Early Evangelism
The area outside Cambridge known as Barnwell was then a rough area inhabited largely by labourers working on the railways, of which four competing lines met in Cambridge. Others worked in the fossil beds. Robert Sinker, Keith-Falconer's biographer, said the labourers were "mostly poor and ignorant, including even yet a large number of persons following vicious courses; and while the Gospel teaching of a band of devoted men was gradually leavening the mass, yet while the workers were slowly gaining on the task which faced them, hundreds were dying."
Keith-Falconer threw himself with others in May 1875 into a missionary project for the area. They hired a theatre and held preaching meetings there for a month. "All this time," Sinker said, "Keith-Falconer was a steady and consistent helper of the mission, by his purse, by his personal cooperation, and we may feel sure by his prayers." At the end of the month, they judged their work a success and repeated the process for three and a half years at the Ragged School, in New Street. There, Sinker said:
- The gathering of people, of whom there were several hundreds, displayed a remarkable contrast to an ordinary Christian congregation. They represented a whole stratum decidedly below that of the decent working man of the poorer sort. Many were ragged, most were dirty and unkempt, and before the service began, many behaved outrageously. Yet when the service began, I rejoice to say, the conduct was orderly enough; evidently many, while coming in the first instance merely from curiosity, bore in their way a friendly feeling enough for their neighbours. Yet it may be noted, as shewing the stratum from which the bulk was drawn, that on one of the speakers' remarking: 'A great many of you, I know, have been, and some I fear still are, thieves!' he was greeted, in tones which shewed that no offence had been taken, with ready cries of 'Yes, sir!'
Keith-Falconer lectured this audience on Zelophehad's daughters.

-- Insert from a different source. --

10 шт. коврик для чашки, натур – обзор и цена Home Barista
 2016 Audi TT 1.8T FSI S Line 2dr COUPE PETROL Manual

The theatre in Barnwell became available in autumn 1878 and the evangelists acquired it, although outbid at the auction. Keith-Falconer was also involved in acquisition of the Great Assembly Hall in Mile End Road, in the East End of London. Here, the Tower Hamlets Mission was established. The state of the area is summarised by this account:
- At the close of one of the meetings, a little boy was found sobbing. With some difficulty he was induced to tell his tale. It was simple. His widowed mother, his sisters, and he, all lived in one room. Everything had been sold to buy bread, except two white mice, the boy's pets. Through all their poverty, they had kept these white mice; but at last they too must go! With the proceeds he bought street songs, which he retailed on the 'waste' and so obtained the means of getting more bread for his mother and his sisters. Now they were completely destitute. The boy was accompanied home. Home! It was a wretched attic, in one of the most dilapidated houses. It was a wretchedly cold and dismal day. In the broken-down grate the dead embers of yesterday's firing remained. On the table, in a piece of newspaper, were a few crumbs. 'My good woman,' said Mr Charrington, 'why don't you open the window?' 'Oh,' she replied, 'you would not say that if you had nothing to eat and had no fire to warm you.' The family was relieved.